I was unsure what to expect of Norman Lebrecht's first novel, which won the 2002 Whitbread First Novel Award, given the author's polemical style, but bought it in a 3-for-2 offer at Waterstone's recently, and following shameless commercialism on Radio 3 where it was plugged by the author at every opportunity.
The basic plot of the novel is a good one - the disappearance of a Polish refugee in London after the war on the eve of his debut as a violin virtuoso, and the effect it has on his closest friend. It's hard for me to be positive about the book, though: I wouldn't say that I didn't enjoy it, but I did find it rather unsatisfying. Although there are many passages that are very cleverly written, at times dramatic and others sparkling with witty references, and one sublime Hitchcockesque episode, the novel was disjointed in places and the plot development had some twists that were, frankly, as incredible as those in Armistead Maupin's Tales of the City series, though in a tome I was expecting to take more seriously. I also found it unsettling that the novel was written for the most part in the present tense: trying to be positive about this, it gave the novel a much more rhetorical than narrative style. Another surprising point is that none of the characters in the book are particularly sympathetic, being variously amoral, socially climbing, calculating and vindictive. Even in enlightenment, there is no concept of forgiveness, barely acceptance. This made me feel much more detached from the players than I would have expected.

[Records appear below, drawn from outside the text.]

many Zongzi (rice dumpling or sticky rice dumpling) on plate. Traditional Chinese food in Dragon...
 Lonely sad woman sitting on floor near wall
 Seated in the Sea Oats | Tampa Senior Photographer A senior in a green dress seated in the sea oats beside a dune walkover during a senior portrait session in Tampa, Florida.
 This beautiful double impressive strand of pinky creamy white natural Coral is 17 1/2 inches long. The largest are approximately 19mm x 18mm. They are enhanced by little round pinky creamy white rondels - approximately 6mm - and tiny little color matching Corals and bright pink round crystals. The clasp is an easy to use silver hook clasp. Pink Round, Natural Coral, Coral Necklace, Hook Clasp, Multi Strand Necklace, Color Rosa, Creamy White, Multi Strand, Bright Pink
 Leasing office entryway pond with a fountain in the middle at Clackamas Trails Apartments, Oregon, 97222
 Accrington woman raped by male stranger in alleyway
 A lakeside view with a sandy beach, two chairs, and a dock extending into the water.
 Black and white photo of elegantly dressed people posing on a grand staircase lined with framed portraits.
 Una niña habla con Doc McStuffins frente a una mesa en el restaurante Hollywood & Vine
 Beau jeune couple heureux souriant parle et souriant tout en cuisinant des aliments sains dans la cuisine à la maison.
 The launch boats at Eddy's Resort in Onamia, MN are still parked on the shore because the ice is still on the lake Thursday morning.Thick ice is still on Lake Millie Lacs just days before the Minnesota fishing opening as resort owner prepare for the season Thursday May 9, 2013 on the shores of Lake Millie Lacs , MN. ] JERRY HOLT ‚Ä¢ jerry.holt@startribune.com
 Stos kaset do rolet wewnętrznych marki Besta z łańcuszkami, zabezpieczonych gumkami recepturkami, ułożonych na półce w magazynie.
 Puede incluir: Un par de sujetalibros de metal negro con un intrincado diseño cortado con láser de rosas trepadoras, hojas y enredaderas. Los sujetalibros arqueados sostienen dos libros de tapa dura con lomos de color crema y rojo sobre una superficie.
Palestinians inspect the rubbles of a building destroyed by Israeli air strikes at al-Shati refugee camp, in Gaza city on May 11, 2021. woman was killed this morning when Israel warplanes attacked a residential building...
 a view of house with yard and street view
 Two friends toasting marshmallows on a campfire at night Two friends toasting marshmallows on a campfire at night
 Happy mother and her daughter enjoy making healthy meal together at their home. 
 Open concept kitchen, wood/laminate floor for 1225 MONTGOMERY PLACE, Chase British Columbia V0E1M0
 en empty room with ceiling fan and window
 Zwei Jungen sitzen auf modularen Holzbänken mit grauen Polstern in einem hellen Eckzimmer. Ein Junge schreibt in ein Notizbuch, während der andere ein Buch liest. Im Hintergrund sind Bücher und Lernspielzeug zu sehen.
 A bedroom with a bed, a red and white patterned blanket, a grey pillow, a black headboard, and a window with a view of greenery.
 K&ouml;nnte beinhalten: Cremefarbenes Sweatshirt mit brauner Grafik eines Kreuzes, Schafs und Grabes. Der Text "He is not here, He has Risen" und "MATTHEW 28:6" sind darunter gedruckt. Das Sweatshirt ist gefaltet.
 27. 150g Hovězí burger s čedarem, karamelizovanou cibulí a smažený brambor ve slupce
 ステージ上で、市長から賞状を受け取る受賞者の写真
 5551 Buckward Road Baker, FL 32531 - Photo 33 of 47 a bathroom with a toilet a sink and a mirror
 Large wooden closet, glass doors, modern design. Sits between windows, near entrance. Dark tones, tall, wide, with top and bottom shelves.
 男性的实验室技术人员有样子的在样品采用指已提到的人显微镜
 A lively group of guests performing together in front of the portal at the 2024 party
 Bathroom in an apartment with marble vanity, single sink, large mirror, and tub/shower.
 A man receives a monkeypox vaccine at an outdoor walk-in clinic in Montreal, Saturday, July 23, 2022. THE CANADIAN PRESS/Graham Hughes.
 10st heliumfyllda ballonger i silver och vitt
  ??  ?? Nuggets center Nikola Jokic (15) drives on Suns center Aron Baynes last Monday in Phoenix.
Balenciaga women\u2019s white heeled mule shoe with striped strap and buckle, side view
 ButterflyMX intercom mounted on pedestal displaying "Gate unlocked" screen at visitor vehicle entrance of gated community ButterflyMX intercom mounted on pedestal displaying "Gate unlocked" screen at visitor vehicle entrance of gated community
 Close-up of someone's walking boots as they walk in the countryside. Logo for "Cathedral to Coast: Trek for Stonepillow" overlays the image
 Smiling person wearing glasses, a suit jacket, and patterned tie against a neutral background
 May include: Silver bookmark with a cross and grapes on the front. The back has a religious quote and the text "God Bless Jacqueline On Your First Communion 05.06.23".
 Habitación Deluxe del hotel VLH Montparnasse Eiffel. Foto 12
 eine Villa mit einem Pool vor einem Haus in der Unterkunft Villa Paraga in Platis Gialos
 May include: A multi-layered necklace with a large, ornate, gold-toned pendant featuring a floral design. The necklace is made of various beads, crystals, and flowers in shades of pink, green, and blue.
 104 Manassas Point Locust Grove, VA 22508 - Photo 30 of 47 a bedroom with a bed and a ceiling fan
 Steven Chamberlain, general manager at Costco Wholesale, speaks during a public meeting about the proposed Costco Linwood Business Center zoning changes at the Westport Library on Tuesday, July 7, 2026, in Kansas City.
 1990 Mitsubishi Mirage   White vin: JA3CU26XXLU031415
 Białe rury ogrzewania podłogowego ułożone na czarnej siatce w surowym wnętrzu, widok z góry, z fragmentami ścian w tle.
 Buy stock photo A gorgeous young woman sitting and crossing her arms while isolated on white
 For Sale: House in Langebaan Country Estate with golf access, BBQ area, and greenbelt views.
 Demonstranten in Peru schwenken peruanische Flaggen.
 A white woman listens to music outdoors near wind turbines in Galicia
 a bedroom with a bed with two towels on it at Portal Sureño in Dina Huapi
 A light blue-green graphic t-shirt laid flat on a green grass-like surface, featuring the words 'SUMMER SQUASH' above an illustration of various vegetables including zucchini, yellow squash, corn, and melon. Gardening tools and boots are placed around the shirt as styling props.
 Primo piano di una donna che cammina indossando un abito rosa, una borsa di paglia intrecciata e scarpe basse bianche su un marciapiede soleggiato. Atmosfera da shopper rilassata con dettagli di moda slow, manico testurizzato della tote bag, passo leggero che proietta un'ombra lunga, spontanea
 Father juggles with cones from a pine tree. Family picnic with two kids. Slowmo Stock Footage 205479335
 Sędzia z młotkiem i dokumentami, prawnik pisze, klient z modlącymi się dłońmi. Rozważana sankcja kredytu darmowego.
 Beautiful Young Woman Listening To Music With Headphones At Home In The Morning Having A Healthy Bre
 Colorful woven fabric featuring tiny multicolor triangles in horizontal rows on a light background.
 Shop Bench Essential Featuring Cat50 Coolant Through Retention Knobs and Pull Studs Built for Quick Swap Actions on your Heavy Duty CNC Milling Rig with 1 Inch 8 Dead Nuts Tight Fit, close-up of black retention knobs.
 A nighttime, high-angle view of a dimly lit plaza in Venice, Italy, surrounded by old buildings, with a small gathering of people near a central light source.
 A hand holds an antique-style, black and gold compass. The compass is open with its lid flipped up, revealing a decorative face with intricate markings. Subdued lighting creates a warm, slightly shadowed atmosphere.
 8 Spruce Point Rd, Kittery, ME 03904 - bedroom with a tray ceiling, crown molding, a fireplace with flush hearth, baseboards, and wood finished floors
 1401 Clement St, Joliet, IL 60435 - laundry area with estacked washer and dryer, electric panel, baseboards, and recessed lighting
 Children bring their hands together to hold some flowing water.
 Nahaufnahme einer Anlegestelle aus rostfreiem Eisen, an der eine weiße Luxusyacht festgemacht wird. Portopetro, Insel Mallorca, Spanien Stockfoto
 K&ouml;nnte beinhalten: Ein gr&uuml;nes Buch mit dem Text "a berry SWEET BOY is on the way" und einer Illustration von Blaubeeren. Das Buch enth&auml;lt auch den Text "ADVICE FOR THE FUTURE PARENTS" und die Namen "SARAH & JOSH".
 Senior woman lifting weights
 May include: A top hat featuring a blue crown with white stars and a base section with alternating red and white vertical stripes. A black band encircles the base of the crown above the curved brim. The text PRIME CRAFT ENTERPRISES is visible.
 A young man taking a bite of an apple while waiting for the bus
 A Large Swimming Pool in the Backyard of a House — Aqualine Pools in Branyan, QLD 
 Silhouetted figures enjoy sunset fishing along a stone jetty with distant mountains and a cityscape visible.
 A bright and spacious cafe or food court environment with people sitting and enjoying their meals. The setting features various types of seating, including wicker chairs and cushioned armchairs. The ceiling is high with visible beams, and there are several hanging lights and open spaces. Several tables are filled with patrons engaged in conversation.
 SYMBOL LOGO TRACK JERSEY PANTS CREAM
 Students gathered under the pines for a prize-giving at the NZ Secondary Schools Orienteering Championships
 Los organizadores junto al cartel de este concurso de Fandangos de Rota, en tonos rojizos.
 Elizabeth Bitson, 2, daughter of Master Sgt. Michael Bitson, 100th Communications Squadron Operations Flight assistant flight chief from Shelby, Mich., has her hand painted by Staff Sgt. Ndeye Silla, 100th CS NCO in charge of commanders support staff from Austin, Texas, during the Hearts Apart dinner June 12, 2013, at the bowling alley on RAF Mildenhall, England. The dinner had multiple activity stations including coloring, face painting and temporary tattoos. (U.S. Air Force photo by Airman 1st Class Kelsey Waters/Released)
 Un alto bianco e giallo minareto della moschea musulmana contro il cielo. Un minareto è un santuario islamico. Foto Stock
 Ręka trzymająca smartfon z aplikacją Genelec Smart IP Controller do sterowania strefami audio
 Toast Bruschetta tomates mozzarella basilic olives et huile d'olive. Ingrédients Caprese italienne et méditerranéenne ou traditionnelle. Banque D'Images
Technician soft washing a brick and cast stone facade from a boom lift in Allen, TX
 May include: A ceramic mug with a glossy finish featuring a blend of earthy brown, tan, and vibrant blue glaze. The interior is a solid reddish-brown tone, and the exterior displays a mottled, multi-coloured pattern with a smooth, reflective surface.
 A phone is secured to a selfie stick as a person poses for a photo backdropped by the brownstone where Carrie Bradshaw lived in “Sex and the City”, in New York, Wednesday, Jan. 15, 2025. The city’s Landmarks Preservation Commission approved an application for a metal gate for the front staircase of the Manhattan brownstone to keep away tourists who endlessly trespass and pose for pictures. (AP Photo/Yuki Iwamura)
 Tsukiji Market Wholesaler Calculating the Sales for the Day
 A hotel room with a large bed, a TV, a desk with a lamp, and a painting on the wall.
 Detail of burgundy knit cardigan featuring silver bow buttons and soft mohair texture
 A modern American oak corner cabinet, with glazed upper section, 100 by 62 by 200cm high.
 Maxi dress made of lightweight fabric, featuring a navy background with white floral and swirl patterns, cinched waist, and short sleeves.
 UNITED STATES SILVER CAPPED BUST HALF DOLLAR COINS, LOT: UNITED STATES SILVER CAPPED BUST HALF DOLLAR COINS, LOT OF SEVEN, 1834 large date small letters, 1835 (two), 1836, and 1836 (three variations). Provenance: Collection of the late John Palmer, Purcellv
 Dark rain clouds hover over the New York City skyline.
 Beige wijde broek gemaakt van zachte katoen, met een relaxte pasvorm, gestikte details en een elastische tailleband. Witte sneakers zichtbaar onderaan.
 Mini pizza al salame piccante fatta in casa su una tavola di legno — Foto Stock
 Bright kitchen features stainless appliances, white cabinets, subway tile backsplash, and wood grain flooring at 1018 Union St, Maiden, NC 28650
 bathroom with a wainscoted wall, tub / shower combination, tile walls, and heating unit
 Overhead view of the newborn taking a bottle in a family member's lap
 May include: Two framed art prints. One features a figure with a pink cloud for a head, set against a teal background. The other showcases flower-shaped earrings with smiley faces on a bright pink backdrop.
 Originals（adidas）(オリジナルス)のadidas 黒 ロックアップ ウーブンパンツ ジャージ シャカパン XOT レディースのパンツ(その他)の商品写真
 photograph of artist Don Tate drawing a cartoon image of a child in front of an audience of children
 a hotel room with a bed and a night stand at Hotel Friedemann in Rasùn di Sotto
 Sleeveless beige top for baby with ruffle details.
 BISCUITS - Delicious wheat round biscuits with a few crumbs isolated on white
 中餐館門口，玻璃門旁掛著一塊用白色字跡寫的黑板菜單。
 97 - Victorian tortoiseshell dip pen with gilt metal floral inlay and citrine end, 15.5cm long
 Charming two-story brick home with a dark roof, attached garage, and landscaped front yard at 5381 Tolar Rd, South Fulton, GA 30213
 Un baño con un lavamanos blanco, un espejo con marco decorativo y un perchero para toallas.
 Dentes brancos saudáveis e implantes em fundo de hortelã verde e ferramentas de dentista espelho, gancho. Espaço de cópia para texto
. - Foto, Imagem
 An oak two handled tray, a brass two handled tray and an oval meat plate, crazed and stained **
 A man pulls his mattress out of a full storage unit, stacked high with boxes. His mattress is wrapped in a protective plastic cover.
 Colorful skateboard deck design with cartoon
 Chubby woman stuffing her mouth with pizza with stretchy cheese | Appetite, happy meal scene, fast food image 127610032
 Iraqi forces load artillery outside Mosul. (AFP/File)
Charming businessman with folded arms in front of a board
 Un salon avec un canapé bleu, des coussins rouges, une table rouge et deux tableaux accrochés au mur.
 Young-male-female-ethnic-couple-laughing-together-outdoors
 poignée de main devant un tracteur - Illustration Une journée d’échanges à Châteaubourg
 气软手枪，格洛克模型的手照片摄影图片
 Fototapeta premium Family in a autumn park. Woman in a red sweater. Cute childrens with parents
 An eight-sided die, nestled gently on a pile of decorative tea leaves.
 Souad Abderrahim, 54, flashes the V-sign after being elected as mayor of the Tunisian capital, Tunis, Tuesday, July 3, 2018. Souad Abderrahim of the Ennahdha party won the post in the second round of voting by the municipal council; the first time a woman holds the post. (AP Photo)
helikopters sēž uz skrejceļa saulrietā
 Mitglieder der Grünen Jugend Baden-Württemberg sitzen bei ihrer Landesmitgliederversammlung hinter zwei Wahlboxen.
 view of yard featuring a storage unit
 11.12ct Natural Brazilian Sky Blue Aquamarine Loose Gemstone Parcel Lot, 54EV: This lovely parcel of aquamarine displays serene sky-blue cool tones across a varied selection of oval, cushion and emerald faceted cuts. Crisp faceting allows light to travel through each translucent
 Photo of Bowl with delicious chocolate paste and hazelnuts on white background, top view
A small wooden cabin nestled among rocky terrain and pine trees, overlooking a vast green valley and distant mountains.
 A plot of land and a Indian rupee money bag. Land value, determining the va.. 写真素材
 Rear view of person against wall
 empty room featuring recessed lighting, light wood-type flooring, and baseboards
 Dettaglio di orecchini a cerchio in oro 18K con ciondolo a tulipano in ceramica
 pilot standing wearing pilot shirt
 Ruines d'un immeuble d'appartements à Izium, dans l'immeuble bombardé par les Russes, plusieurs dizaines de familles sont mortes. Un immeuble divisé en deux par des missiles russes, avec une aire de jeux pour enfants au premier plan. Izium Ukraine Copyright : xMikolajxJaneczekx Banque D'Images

So I enjoyed the book, though I also found it frustrating. I was expecting a serious novel, which in part is what I got, but with occasional vulgarity and absurd plot twists. On the other hand, it is far too erudite to be considered light reading, unless you have a good knowledge of classical music and at least a base knowledge of Jewish culture. I admit that for the last chapter or two, I "couldn't put it down", but that is not a phrase I could apply to the book as a whole.